With the rest of the green tomatoes, the non-cherry sized ones, I don't know. I had tossed around that tomato mincemeat idea but...I really don't want to end up with a bunch of jars of something that no one's going to eat. I only know one person (my dad) who enjoys mincemeat and he probably means the real thing when he says that. Does anyone actually make mincemeat anymore, or is it all this veggie and fruit business? The recipe is nothing more than a chutney, although a non-spicy one, and it just might be nice in little button-sized tarts at the gingerbread house party. See? I talk myself out of something and then talk myself right back into it again. No wonder I don't get much done. Too busy prevaricating.
And worrying. I haven't yet finished the gift for my oldest sister because I've been so totally exhausted from a few nights in a row of worried awakeness. I come from a long line of overnight worriers. My people, they could have been clog dancers or ice wine makers or a political dynasty but no, their contribution to the world is worry. All night long for nights and months at a time. It is, literally and figuratively, tiresome.
I won't tell you what I worry about - some of it totally legit scary stuff,
1) Where I might have laid the lavender thread I bought to finish a pillow case for the Girl. The poor girl gets the most incredible knots in her hair from sleeping on cotton. Mom to the rescue (maybe) with lavender satin pillowcases with a bit of Daisy Kingdom fabric peeking out from inside. I could use white thread, sure, but where is the lavender?
2) Would everyone like a bit of chocolate bread pudding this weekend? I haven't made any in a while and it's supposed to be kind of rainy and yucky, if unseasonably warm. Maybe I'd be better off waiting for a colder day.
3) Whether or not I should start reading the Outlander series. I've been very keen lately to find books that won't feed this cycle of worry - I want nothing that Julia so aptly described as "depressing, depressing-but-redemptive, intensely thoughtful, or nonfiction unless it is funny". Where Outlander falls in these requirements I don't know, but people keep telling me I need to read it.
4) Whether Jane Brocket's The Gentle Art of Domesticity is going to be made available here in the States.
5) Why is it, do you think, that last year we had few apples on the apple trees but rather too an abundant a showing from the gingko but this year the reverse was true with lots of apples and mercifully few gingko berries. Those of you know understand what a highly fruiting gingko tree is all about also understand why we're so happy about the switcheroo and probably also get why we're trying to figure out what happened so we can encourage it to happen again next year and the year after and so on.

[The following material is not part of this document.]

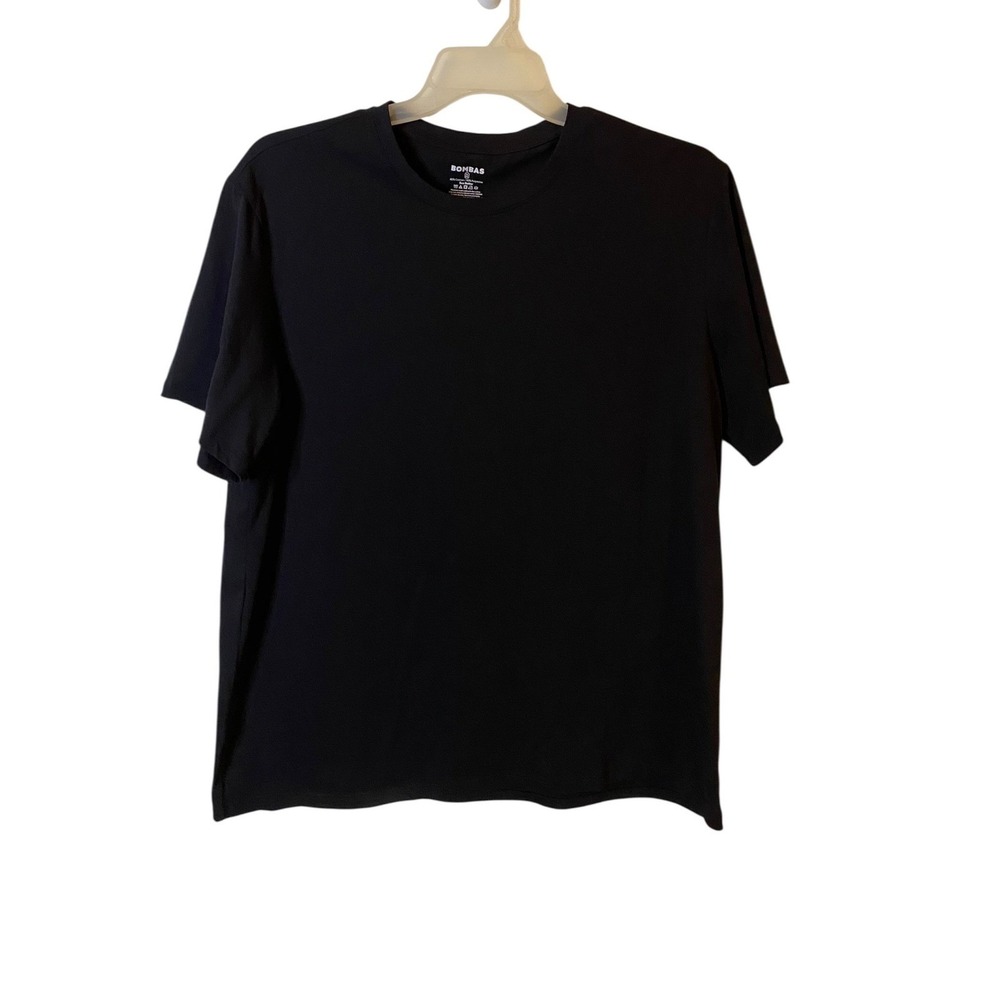 Bombas Bee Better Mens Black Crew Neck Short Sleeve T-Shirt XL Cotton Soft Tee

6) Reading older books and memoirs of days gone by can be very helpful with the worrying stuff. It's very nice to know that despite a drought in France in '49 that convinced the country that the end times where near, coupled with crushing shortages and rationing of just about everything, did not stop Julia Child or anyone else there at the time from enjoying what there was to enjoy, no guilt involved. I also appreciated reading of Delia Lutes' belief that the Christmas celebrations she knew as a child in the 1880s were nothing at all like the "soul killing" consumption-oriented orgies of the "children of today" (Lutes wrote in the 1930s). And in The American Frugal Housewife, Lydia Marie Child bemoans the focus that mothers place on their children's clothing and activities - to the detriment of their useful educations, and that so many of her fellow citizens spend more than they earn trying to match the lifestyle of the wealthy and famous.
In short, it is nice to know that the more things change...and with that in mind, perhaps tonight I will finish my sister's gift.